START Data for this task
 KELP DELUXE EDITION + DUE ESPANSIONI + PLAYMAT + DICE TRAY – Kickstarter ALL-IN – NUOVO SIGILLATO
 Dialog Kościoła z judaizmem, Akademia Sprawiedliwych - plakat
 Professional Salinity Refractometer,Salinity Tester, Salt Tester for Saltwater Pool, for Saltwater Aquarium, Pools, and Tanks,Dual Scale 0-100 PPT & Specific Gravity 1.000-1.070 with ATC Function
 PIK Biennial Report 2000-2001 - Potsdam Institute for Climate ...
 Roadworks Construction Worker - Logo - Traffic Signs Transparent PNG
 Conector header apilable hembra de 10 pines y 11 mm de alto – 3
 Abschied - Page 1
END Data for this task
START Data for this task
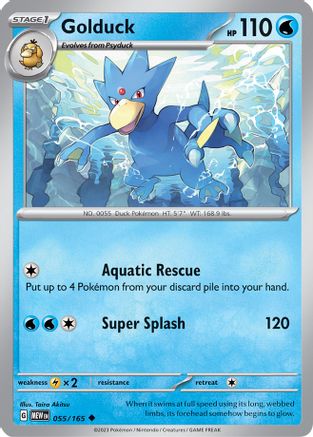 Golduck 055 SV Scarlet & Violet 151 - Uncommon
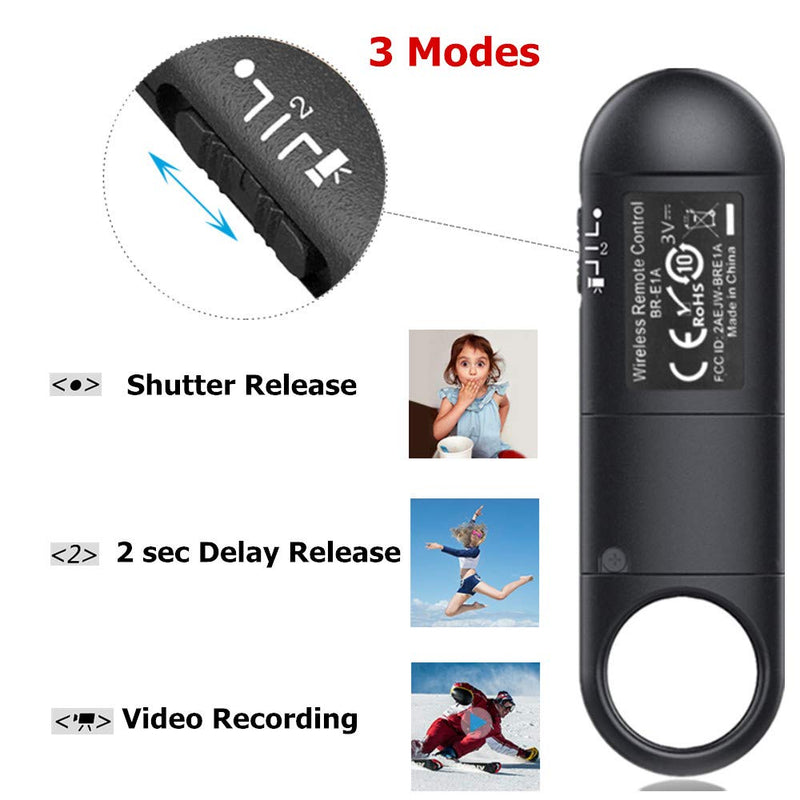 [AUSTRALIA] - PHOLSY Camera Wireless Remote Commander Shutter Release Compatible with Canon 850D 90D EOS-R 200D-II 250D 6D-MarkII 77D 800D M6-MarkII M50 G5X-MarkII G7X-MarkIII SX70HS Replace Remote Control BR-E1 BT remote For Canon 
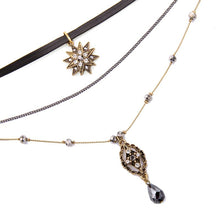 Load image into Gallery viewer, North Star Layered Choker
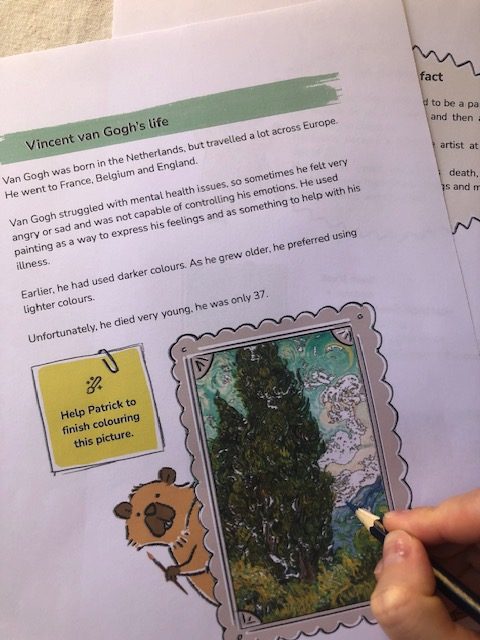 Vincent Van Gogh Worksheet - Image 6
END Data for this task
START Data for this task
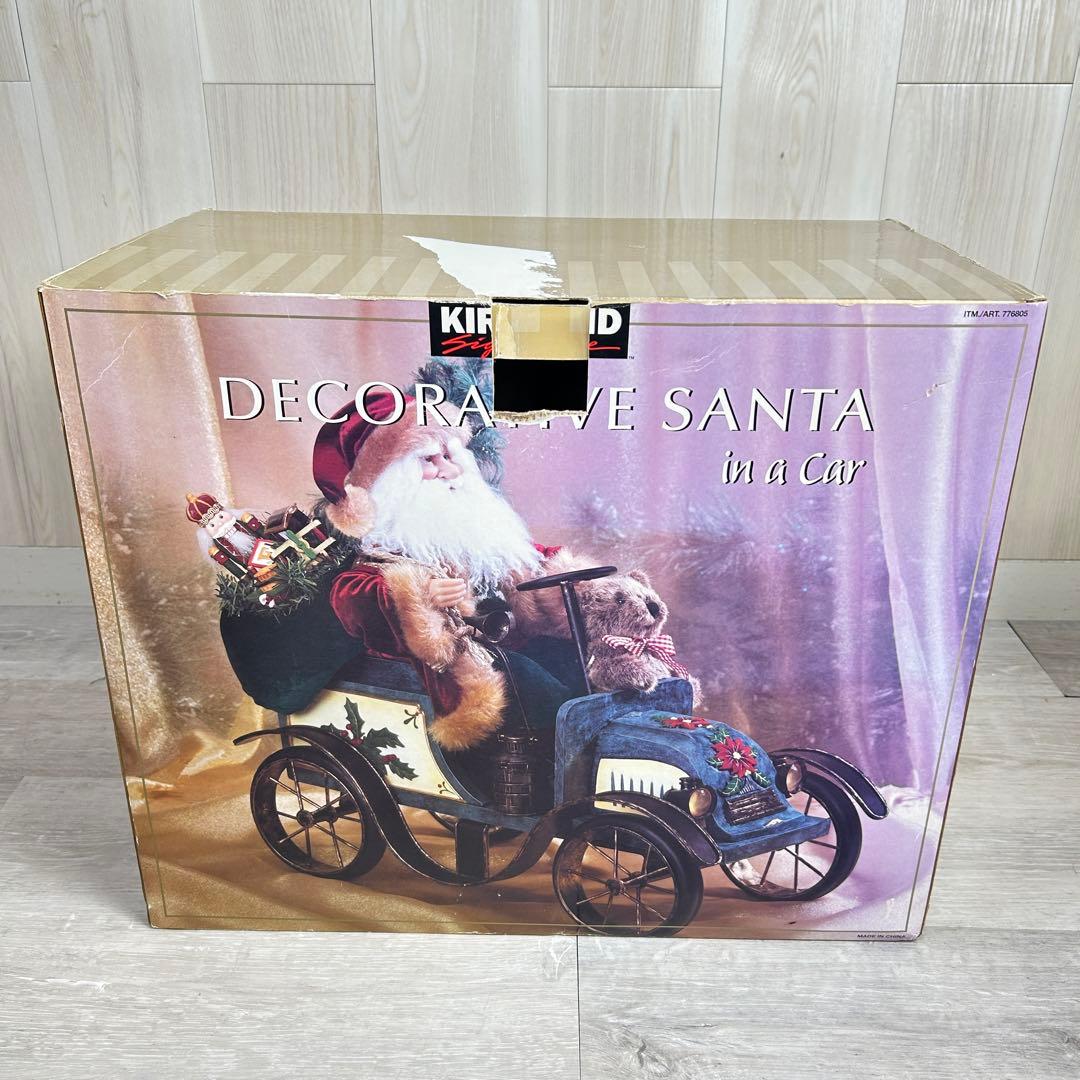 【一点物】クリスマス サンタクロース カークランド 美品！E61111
END Data for this task
Exercise requirements → Extract, without any images, the part of the material above that opens with the line containing "[AUSTRALIA] - PHOLSY" and closes with the line containing "Vincent Van Gogh Worksheet - Image 6", both lines included.

Final answer →
 [AUSTRALIA] - PHOLSY Camera Wireless Remote Commander Shutter Release Compatible with Canon 850D 90D EOS-R 200D-II 250D 6D-MarkII 77D 800D M6-MarkII M50 G5X-MarkII G7X-MarkIII SX70HS Replace Remote Control BR-E1 BT remote For Canon 
 Load image into Gallery viewer, North Star Layered Choker
 Vincent Van Gogh Worksheet - Image 6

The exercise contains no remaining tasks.